(Brief descriptive captions)
+ + + + +

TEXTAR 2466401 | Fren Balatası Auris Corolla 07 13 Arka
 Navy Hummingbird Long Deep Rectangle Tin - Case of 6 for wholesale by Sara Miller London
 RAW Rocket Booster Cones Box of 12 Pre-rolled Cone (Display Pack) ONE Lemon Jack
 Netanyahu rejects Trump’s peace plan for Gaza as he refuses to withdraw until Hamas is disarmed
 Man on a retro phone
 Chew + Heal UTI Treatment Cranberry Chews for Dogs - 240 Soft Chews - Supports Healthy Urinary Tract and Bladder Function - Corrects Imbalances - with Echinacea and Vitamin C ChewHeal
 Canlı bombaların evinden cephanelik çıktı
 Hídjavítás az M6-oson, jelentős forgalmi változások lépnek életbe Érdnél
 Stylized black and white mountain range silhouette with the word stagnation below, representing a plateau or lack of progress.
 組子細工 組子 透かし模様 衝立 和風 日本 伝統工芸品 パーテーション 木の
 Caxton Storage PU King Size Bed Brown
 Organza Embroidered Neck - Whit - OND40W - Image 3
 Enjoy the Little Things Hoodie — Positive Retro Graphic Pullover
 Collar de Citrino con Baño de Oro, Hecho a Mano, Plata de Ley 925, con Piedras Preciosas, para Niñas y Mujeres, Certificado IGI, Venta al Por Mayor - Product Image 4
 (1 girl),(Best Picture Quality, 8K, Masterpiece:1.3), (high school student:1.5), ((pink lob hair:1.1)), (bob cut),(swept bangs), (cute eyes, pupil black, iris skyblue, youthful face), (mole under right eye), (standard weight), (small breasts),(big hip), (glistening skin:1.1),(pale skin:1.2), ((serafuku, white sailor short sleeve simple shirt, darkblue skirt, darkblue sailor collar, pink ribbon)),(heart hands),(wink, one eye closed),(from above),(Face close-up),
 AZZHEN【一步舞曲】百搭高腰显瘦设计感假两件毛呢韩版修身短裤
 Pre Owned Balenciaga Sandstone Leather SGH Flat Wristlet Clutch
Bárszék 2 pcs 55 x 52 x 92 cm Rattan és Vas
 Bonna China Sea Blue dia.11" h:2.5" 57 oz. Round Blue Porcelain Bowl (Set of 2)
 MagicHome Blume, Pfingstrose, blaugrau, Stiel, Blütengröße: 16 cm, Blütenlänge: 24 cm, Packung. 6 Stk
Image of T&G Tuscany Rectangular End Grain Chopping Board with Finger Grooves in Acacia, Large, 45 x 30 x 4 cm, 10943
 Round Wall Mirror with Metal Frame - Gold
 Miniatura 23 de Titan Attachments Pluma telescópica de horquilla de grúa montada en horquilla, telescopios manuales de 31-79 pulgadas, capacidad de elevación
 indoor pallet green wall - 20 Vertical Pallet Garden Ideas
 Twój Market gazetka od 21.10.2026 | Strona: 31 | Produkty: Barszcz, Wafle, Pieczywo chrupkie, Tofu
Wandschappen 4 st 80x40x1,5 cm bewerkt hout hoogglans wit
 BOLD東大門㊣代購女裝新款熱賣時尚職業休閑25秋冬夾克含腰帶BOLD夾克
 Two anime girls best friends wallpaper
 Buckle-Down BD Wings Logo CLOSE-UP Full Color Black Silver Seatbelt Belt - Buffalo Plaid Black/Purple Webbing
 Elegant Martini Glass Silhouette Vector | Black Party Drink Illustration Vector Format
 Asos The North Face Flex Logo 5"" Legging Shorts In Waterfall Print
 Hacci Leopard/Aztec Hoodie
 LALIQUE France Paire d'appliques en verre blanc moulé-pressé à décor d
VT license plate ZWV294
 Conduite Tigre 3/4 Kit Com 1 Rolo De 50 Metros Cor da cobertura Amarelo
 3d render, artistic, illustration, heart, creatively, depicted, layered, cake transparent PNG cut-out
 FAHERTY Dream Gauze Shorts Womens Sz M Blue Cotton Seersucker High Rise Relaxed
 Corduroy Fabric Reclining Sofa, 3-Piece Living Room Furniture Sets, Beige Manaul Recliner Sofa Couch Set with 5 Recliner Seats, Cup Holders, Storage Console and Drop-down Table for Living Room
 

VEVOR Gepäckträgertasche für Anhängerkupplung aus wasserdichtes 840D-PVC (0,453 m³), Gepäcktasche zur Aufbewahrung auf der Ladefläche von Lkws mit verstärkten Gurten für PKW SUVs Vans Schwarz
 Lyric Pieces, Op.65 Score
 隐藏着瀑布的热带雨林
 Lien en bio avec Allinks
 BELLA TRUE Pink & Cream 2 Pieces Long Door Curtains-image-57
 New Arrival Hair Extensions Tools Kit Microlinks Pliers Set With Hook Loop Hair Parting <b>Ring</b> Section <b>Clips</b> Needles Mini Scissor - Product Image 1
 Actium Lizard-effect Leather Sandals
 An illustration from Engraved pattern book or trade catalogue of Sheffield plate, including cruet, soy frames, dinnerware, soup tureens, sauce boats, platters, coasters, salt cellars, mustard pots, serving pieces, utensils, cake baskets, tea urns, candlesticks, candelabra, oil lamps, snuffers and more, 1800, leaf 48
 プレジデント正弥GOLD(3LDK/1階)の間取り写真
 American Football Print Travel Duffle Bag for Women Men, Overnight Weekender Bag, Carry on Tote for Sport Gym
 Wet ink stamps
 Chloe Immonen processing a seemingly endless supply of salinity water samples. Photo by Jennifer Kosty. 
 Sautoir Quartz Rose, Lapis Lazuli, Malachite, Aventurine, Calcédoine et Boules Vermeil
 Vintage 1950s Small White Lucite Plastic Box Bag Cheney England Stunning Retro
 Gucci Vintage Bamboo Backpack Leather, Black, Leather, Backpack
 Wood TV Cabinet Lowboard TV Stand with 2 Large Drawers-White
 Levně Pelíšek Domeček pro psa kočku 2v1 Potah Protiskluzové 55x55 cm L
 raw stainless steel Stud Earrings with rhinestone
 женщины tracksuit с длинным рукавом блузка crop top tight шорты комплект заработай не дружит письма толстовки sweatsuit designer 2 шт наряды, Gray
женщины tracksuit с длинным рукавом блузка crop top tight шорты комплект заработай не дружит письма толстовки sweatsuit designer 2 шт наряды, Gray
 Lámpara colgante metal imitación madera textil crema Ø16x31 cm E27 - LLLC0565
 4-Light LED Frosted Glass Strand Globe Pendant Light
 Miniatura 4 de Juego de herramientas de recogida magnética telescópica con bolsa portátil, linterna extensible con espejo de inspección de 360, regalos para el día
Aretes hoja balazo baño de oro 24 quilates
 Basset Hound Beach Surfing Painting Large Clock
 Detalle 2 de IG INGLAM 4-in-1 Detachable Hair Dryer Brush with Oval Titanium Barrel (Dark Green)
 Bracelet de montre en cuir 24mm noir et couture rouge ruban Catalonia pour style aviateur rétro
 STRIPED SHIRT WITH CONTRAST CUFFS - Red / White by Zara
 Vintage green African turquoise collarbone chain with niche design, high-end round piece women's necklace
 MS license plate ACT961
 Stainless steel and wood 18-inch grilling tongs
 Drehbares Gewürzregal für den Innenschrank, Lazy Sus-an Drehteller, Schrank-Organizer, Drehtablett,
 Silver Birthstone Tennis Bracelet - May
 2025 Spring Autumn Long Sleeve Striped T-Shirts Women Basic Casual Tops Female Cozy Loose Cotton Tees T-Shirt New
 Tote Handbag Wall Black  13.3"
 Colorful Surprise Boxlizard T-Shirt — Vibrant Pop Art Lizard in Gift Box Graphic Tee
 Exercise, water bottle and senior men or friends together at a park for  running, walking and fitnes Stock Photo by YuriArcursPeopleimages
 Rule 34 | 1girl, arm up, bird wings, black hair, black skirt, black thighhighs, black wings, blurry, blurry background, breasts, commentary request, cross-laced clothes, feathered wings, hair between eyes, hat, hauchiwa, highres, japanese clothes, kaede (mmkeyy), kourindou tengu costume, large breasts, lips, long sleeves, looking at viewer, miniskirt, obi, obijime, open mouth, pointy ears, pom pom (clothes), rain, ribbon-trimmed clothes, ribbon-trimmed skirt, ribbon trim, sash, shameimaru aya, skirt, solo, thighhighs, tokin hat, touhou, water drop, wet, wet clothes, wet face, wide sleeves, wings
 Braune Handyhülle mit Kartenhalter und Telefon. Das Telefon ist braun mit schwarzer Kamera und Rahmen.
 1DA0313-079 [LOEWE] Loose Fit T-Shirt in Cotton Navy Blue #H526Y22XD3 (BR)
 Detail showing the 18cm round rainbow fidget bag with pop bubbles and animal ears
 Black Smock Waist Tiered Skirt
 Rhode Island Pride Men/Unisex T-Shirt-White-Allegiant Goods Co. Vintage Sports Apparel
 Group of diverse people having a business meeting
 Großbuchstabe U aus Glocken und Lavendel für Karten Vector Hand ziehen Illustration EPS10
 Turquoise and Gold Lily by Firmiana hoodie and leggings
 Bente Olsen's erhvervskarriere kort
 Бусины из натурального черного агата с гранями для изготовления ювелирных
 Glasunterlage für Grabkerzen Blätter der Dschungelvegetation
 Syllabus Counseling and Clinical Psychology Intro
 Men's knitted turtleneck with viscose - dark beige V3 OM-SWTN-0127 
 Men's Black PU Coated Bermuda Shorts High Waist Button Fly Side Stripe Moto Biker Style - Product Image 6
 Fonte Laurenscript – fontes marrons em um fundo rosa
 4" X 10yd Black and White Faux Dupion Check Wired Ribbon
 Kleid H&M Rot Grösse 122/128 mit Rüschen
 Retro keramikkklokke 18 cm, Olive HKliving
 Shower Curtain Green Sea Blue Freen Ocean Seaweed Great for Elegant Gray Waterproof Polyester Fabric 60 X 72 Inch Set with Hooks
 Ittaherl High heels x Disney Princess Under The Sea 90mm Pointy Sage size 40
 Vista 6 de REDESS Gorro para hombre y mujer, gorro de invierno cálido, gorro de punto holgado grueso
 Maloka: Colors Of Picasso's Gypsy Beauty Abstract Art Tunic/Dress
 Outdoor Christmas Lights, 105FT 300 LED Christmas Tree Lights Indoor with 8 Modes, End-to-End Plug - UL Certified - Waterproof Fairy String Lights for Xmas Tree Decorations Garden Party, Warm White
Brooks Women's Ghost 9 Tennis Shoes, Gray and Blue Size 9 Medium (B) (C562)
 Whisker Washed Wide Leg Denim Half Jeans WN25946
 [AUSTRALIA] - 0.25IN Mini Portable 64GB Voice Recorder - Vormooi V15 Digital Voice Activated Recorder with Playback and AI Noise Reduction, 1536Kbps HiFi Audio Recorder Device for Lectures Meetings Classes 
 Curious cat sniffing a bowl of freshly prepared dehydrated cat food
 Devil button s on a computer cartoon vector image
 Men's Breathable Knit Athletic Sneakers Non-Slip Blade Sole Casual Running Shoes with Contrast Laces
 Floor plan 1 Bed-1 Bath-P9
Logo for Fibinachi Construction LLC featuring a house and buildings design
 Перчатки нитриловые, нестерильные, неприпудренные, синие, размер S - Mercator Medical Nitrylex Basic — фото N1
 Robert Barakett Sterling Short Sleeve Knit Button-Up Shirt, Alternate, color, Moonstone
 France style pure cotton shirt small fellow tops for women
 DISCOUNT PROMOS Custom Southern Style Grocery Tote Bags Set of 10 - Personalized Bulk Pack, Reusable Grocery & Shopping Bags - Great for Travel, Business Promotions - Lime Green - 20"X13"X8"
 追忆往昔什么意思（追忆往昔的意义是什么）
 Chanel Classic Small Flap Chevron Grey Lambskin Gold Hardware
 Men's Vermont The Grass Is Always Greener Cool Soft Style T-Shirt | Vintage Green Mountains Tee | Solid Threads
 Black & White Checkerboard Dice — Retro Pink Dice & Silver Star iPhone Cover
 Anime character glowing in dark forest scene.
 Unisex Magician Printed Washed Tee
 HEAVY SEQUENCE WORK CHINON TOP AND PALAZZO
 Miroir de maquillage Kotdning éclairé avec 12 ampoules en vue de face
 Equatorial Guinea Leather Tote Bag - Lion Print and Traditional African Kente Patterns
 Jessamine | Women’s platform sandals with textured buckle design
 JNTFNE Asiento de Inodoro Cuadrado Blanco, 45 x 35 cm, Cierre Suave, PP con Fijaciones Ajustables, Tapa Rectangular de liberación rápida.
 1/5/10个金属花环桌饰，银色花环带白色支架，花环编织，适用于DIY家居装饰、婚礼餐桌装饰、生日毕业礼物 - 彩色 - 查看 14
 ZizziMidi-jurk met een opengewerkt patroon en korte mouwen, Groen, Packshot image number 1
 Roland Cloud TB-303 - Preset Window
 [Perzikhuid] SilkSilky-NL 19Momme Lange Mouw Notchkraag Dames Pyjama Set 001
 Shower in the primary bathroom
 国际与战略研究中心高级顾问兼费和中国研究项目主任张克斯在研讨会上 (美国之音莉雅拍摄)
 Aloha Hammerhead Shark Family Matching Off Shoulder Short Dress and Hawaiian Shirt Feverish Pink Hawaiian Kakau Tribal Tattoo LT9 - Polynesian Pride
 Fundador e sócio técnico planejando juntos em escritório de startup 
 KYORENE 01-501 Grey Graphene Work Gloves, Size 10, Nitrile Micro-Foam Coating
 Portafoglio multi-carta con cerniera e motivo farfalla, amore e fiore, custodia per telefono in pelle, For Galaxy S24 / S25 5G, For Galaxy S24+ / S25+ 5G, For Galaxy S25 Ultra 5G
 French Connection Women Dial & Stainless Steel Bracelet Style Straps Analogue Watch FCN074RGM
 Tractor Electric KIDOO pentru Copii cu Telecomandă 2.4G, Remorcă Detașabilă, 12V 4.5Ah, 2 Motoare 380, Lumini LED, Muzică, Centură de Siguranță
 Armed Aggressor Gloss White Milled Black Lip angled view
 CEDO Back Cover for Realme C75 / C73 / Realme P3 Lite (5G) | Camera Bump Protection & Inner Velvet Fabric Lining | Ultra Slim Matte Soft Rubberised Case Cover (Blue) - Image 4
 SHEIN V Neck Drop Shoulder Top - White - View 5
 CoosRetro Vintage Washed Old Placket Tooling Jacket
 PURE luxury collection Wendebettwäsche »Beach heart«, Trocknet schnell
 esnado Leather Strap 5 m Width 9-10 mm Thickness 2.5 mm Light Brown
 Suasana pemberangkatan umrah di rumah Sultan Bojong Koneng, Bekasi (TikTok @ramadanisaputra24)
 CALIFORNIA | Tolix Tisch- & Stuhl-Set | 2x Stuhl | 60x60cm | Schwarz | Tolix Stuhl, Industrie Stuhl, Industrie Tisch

+ + + + +

* Your instructions *
All that is wanted is the stretch of lines above from the one containing "Exercise, water bottle" through the one containing "Men's knitted turtleneck", duplicated exactly.

* Your solution *
 Exercise, water bottle and senior men or friends together at a park for  running, walking and fitnes Stock Photo by YuriArcursPeopleimages
 Rule 34 | 1girl, arm up, bird wings, black hair, black skirt, black thighhighs, black wings, blurry, blurry background, breasts, commentary request, cross-laced clothes, feathered wings, hair between eyes, hat, hauchiwa, highres, japanese clothes, kaede (mmkeyy), kourindou tengu costume, large breasts, lips, long sleeves, looking at viewer, miniskirt, obi, obijime, open mouth, pointy ears, pom pom (clothes), rain, ribbon-trimmed clothes, ribbon-trimmed skirt, ribbon trim, sash, shameimaru aya, skirt, solo, thighhighs, tokin hat, touhou, water drop, wet, wet clothes, wet face, wide sleeves, wings
 Braune Handyhülle mit Kartenhalter und Telefon. Das Telefon ist braun mit schwarzer Kamera und Rahmen.
 1DA0313-079 [LOEWE] Loose Fit T-Shirt in Cotton Navy Blue #H526Y22XD3 (BR)
 Detail showing the 18cm round rainbow fidget bag with pop bubbles and animal ears
 Black Smock Waist Tiered Skirt
 Rhode Island Pride Men/Unisex T-Shirt-White-Allegiant Goods Co. Vintage Sports Apparel
 Group of diverse people having a business meeting
 Großbuchstabe U aus Glocken und Lavendel für Karten Vector Hand ziehen Illustration EPS10
 Turquoise and Gold Lily by Firmiana hoodie and leggings
 Bente Olsen's erhvervskarriere kort
 Бусины из натурального черного агата с гранями для изготовления ювелирных
 Glasunterlage für Grabkerzen Blätter der Dschungelvegetation
 Syllabus Counseling and Clinical Psychology Intro
 Men's knitted turtleneck with viscose - dark beige V3 OM-SWTN-0127 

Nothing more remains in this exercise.